● TASK ITEM: After locating the line that contains "Pine Tree Premium Fragrance Oil" in the material below, copy that line and each one following it, exactly, up to the last line. Pictures stay out.

*** Opening GIVEN RECORDS ***

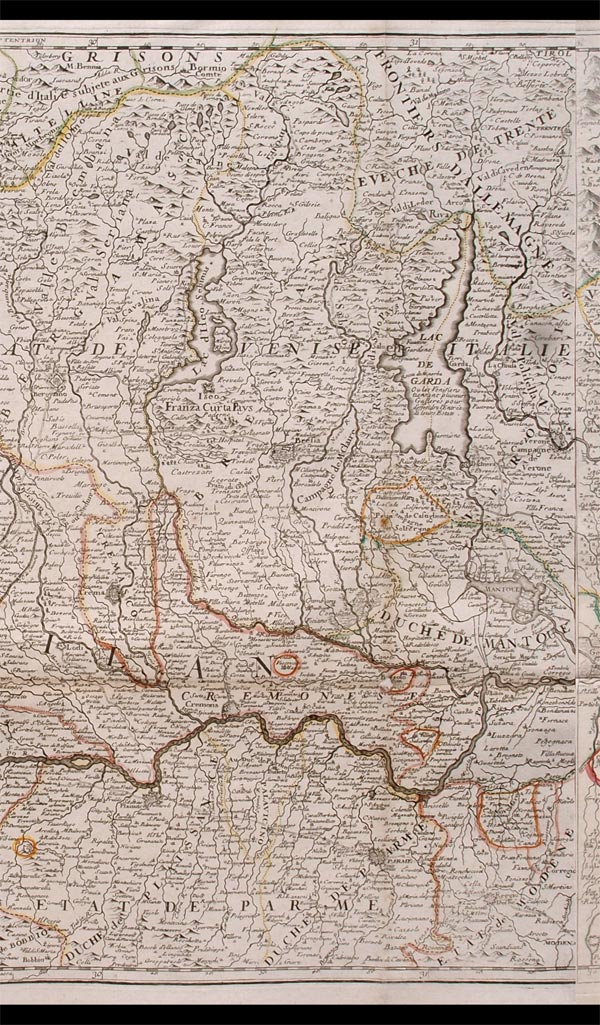 carta geografica corso po nolin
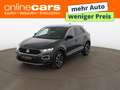 Volkswagen T-Roc 2.0 TDI United Aut LED STANDHZG NAVI ASSIST Grau - thumbnail 1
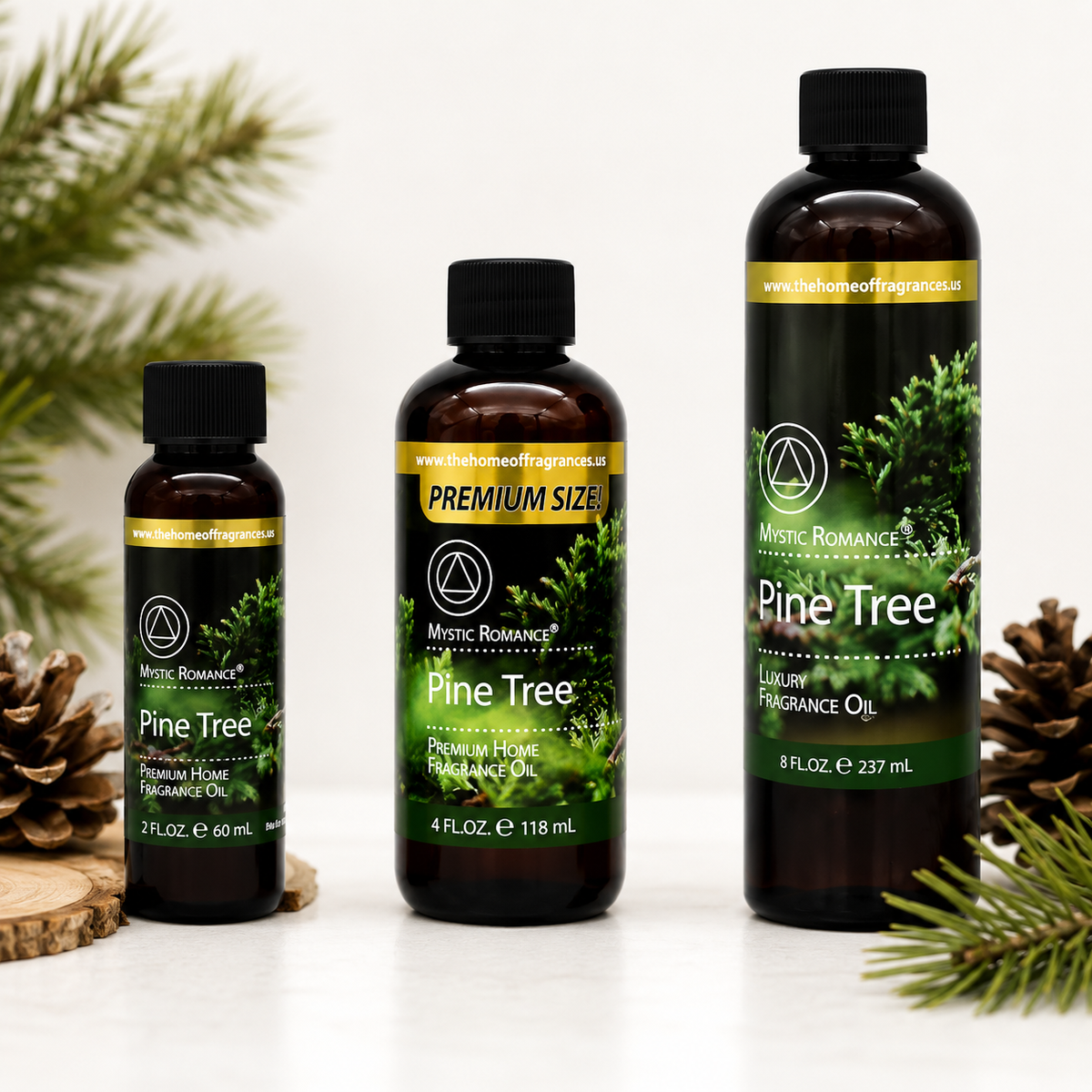 Pine Tree Premium Fragrance Oil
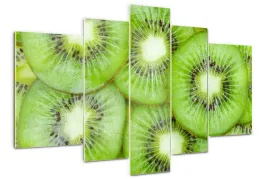obraz-akrylowy-duzy-tryptyk-wieloczesciowy-kiwi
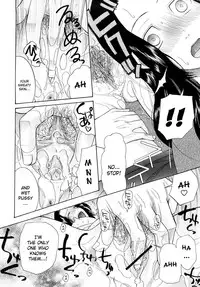 [Saki Urara] Meshii Hime | Blind Princess ch.1-3 [English]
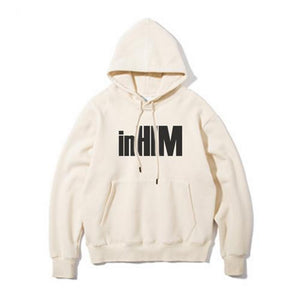 Unisex inHIM Logo Basic Hoodie - inHIM Family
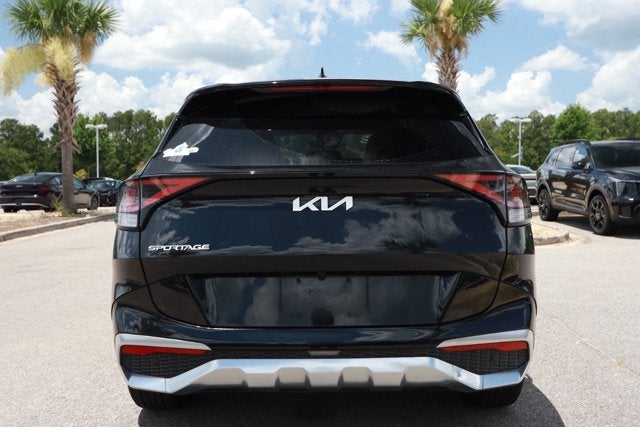 2023 Kia Sportage SX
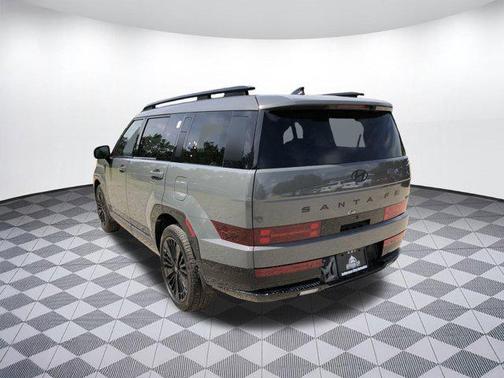 2025 Hyundai SANTA FE HEV Calligraphy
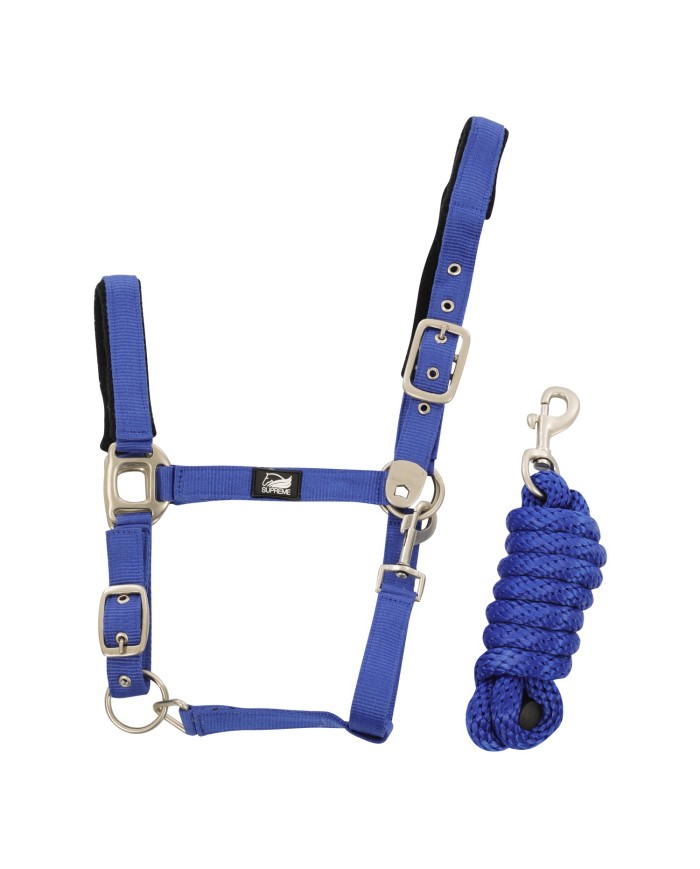 CAVEZZA NYLON + LUNGHINA INTRECCIATA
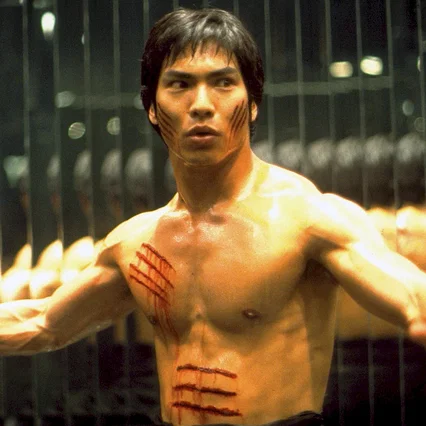 Miniature photo du film : Dragon l'histoire de bruce lee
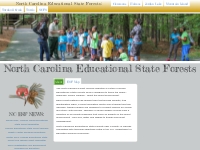 North Carolina Educational State Forests
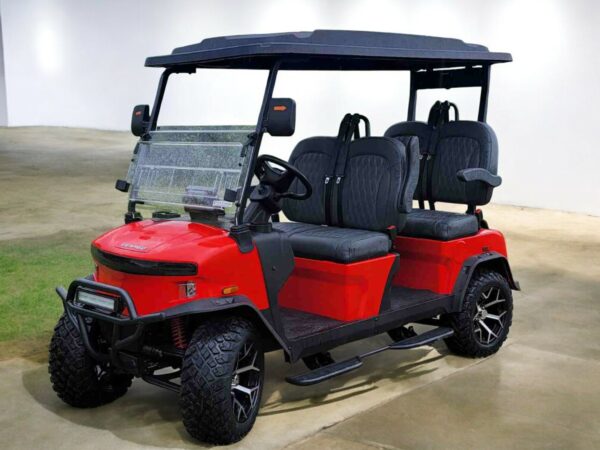 2025 DenagoEV Rover XL - 105AH Lithium - Image 4
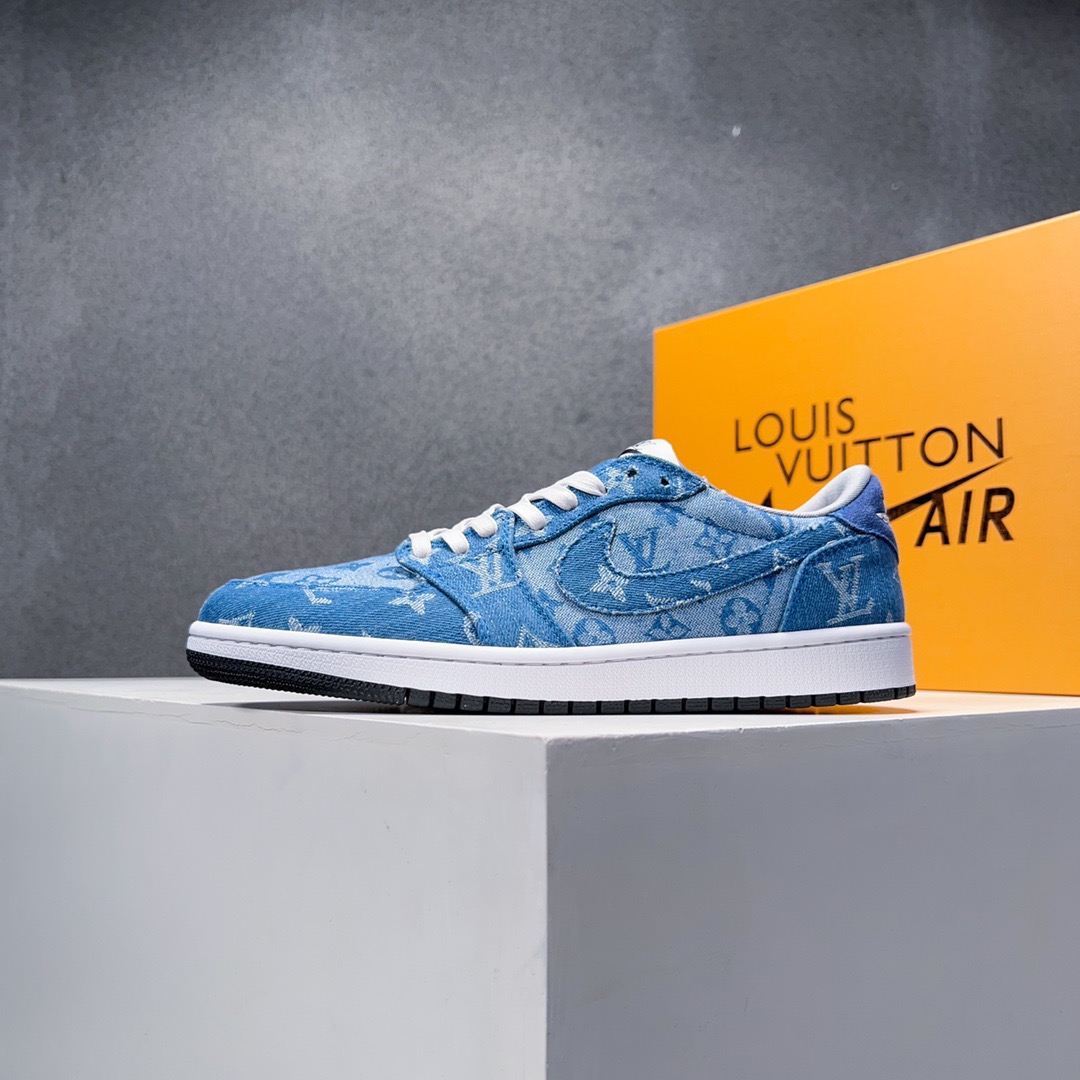 Men L*ouis V*uitton x NIKE Sneakers Maikesneakers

*** Closing GIVEN RECORDS ***

● ANSWER SPACE:
 Pine Tree Premium Fragrance Oil
obraz-akrylowy-duzy-tryptyk-wieloczesciowy-kiwi
 [Saki Urara] Meshii Hime | Blind Princess ch.1-3 [English]
 Unisex inHIM Logo Basic Hoodie - inHIM Family
 2023 Kia Sportage SX
 2025 Hyundai SANTA FE HEV Calligraphy
 CAVEZZA NYLON + LUNGHINA INTRECCIATA
 Miniature photo du film : Dragon l'histoire de bruce lee
 North Carolina Educational State Forests
 2025 DenagoEV Rover XL - 105AH Lithium - Image 4
 Men L*ouis V*uitton x NIKE Sneakers Maikesneakers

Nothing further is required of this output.